Bruxelles veut durcir le contrôle technique
Le 24 avril 2025, la Commission européenne a dévoilé son projet de réforme du contrôle technique. Objectif : imposer une visite annuelle pour tous les véhicules particuliers et utilitaires de plus de dix ans. Actuellement, la réglementation en vigueur prévoit un passage tous les deux ans à partir de la quatrième année de mise en circulation. Cette proposition vise, selon Bruxelles, à améliorer la sécurité routière et à détecter plus rapidement les défaillances techniques susceptibles de mettre en danger les usagers.

Une mesure jugée injuste et inefficace
L’initiative européenne est loin de faire l’unanimité. En France, deux associations de défense des conducteurs, 40 millions d’automobilistes et la Ligue de défense des conducteurs, dénoncent une mesure « injuste, coûteuse et inefficace ». Selon elles, le kilométrage moyen annuel en France, environ 13 000 km, ne justifie pas une telle fréquence, d’autant que les défauts détectés lors des contrôles techniques concernent souvent des éléments sans lien direct avec la vétusté du véhicule, comme le réglage des phares ou l’état des pneumatiques.
Les associations estiment que le véritable enjeu réside dans l’application de la réglementation actuelle. D’après un baromètre réalisé par 40 millions d’automobilistes en 2023, une part significative des propriétaires de véhicules anciens ne respecte déjà pas la périodicité imposée, souvent par crainte de réparations onéreuses.
Paris dit non au contrôle technique annuel !
La réponse du gouvernement français ne s’est pas fait attendre. Le ministre des Transports Philippe Tabarot s’est exprimé fermement contre la proposition lors d’une séance de questions au gouvernement, le 6 mai. « Cette mesure toucherait un véhicule sur deux en France, soit des millions de Français. Elle frapperait en premier lieu ceux qui n’ont pas les moyens de changer de voiture », a-t-il déclaré. Le ministre a assuré qu’il porterait cette opposition « avec force » lors du prochain Conseil des ministres européens des Transports prévu le 5 juin au Luxembourg.

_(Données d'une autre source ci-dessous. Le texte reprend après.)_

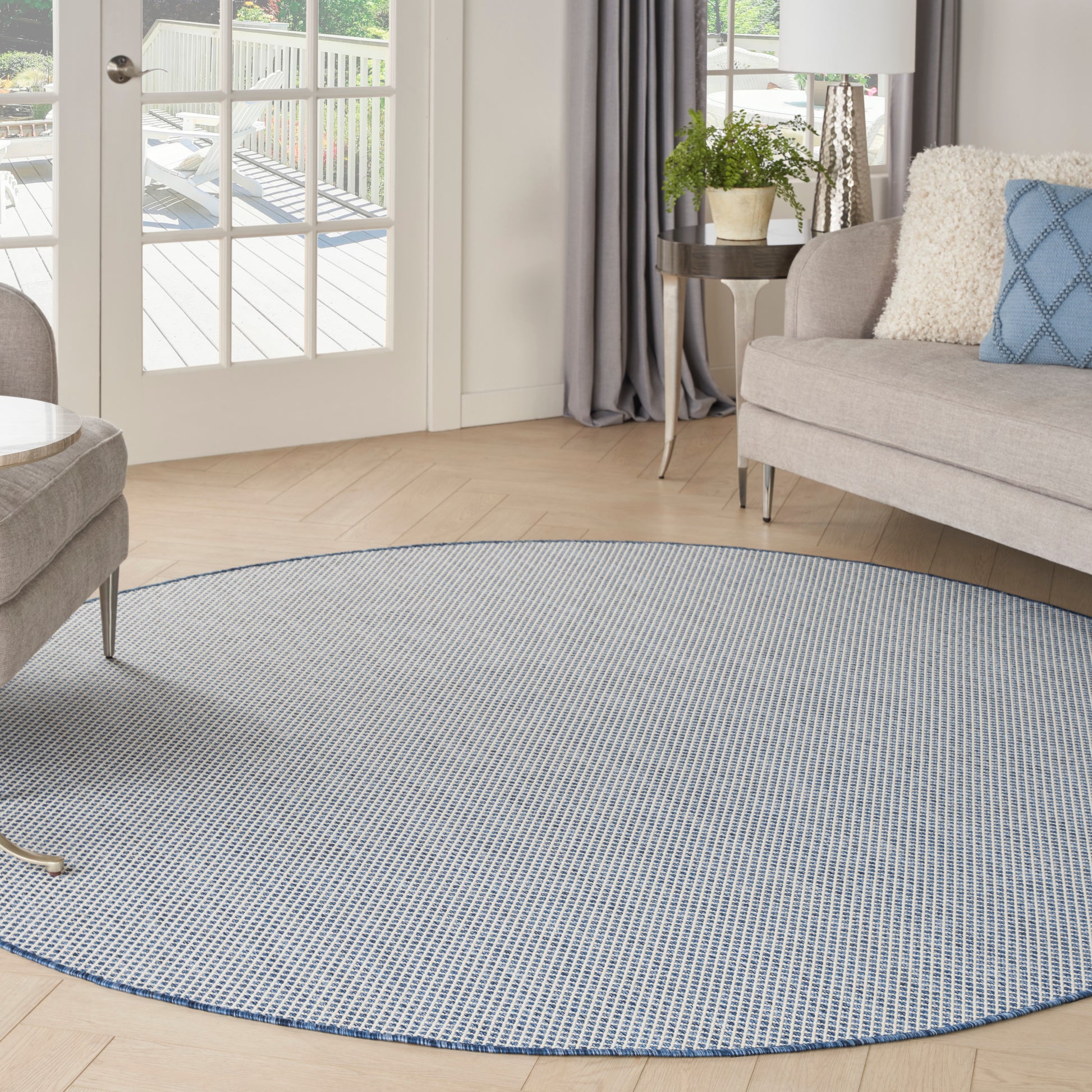 Round blue-gray woven area rug on light wood floor in a bright contemporary living room with a sofa and plants.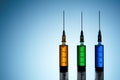 Three syringes filled with colorful liquids Royalty Free Stock Photo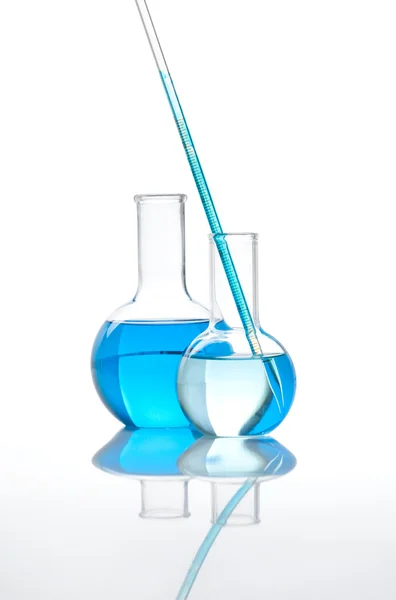 Две лабораторные колбы с голубой жидкостью — стоковое фото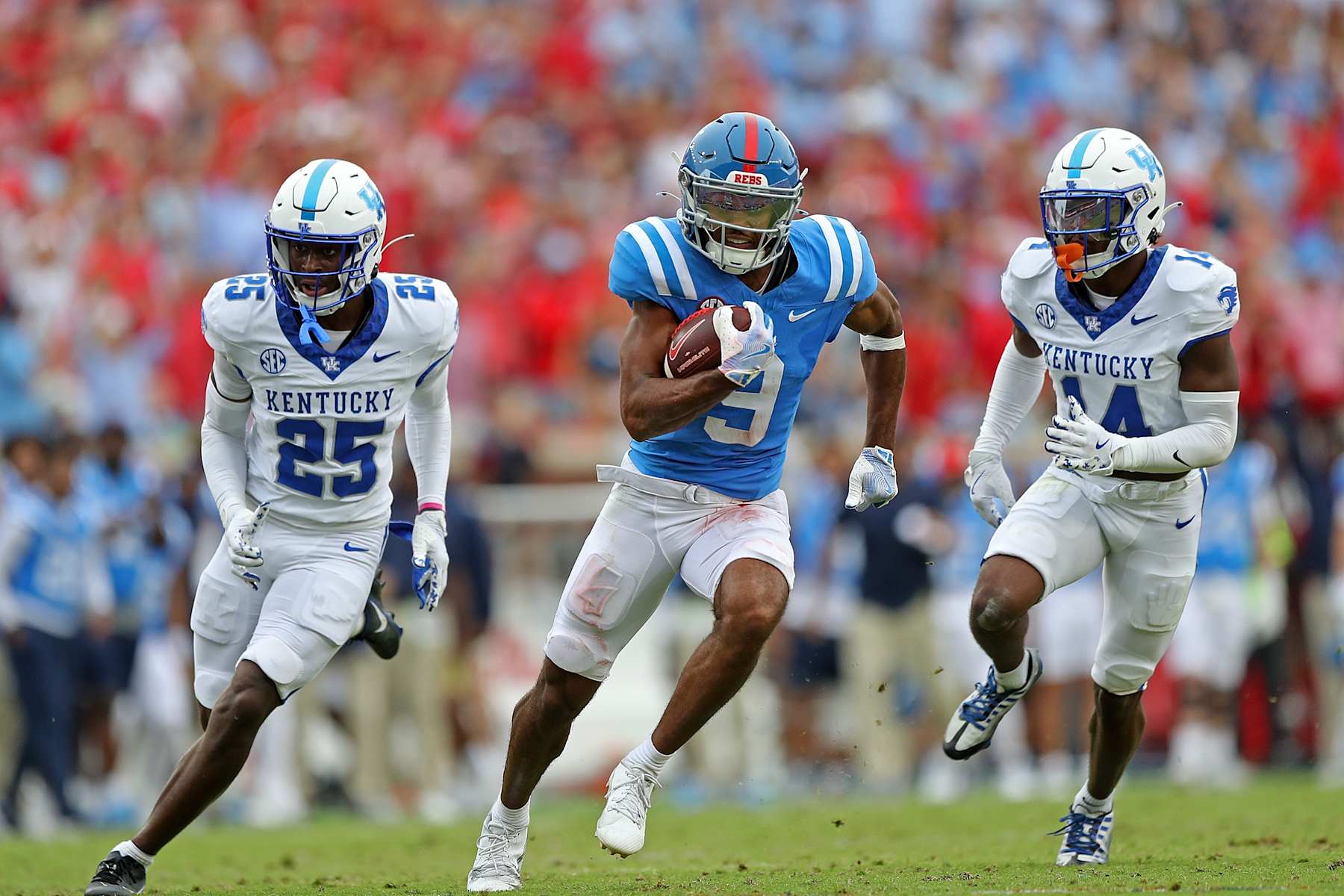 Ole Miss wide receiver Tre Harris runs away from Kentucky Wildcats defenders.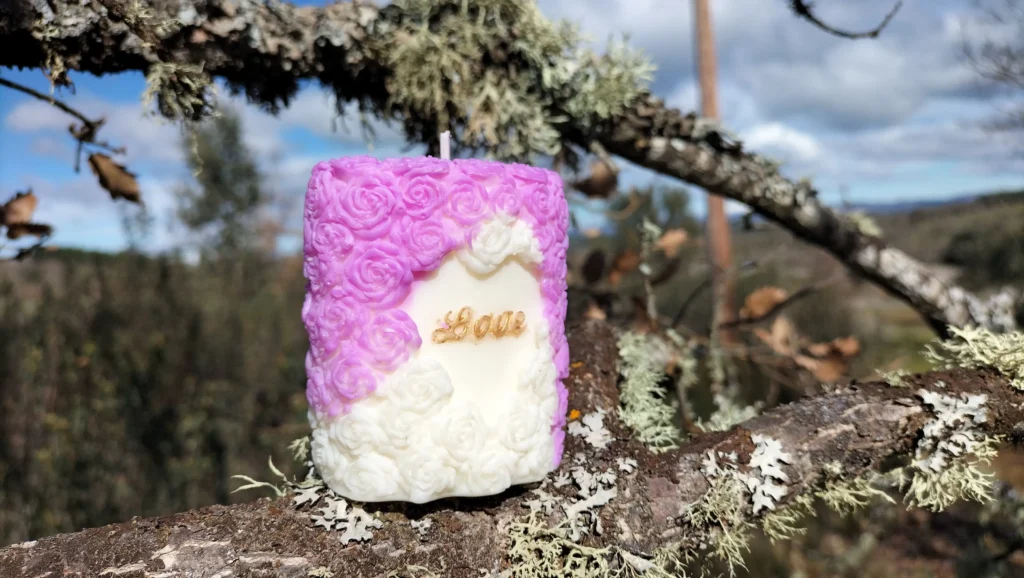 Vela aromática con forma de ramo de rosas y la palabra Love en el medio, dentro de una forma de corazón.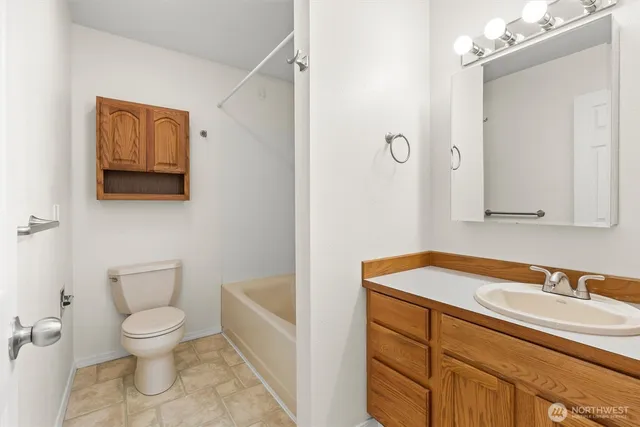 a bathroom with a granite countertop sink a toilet and a mirror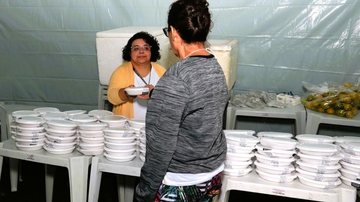 Mulher entrega marmita em mutirão de Santos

L’exécutif français semble également soupçonner des intérêts économiques derrière cette proposition. Réunis en France en février dernier, plusieurs acteurs majeurs du secteur du contrôle technique, dont Dekra, SGS et Autovision, avaient plaidé pour un renforcement des contrôles, notamment sur les utilitaires de plus de dix ans, rien d’étonnant à ce que les enseignes de contrôles techniques réclament plus de contrôles techniques… Une requête alors rejetée par le ministère de l’Écologie, mais qui refait surface à l’échelle européenne, cette fois élargie aux voitures particulières.
Une fracture européenne sur fond de sécurité routière
Si la France s’oppose frontalement à cette réforme, elle n’est pas seule. D’autres pays membres, comme la Pologne et le Danemark, ont également exprimé leurs réserves.
En parallèle, le gouvernement français se dit toutefois ouvert à certaines propositions de la Commission, comme la lutte contre la fraude au compteur kilométrique ou le renforcement des dispositifs de détection des véhicules très polluants. Autant de pistes qui pourraient contribuer à un parc automobile plus sûr et plus propre, sans alourdir la facture directement des automobilistes qui roulent avec des voitures anciennes mais en bon état.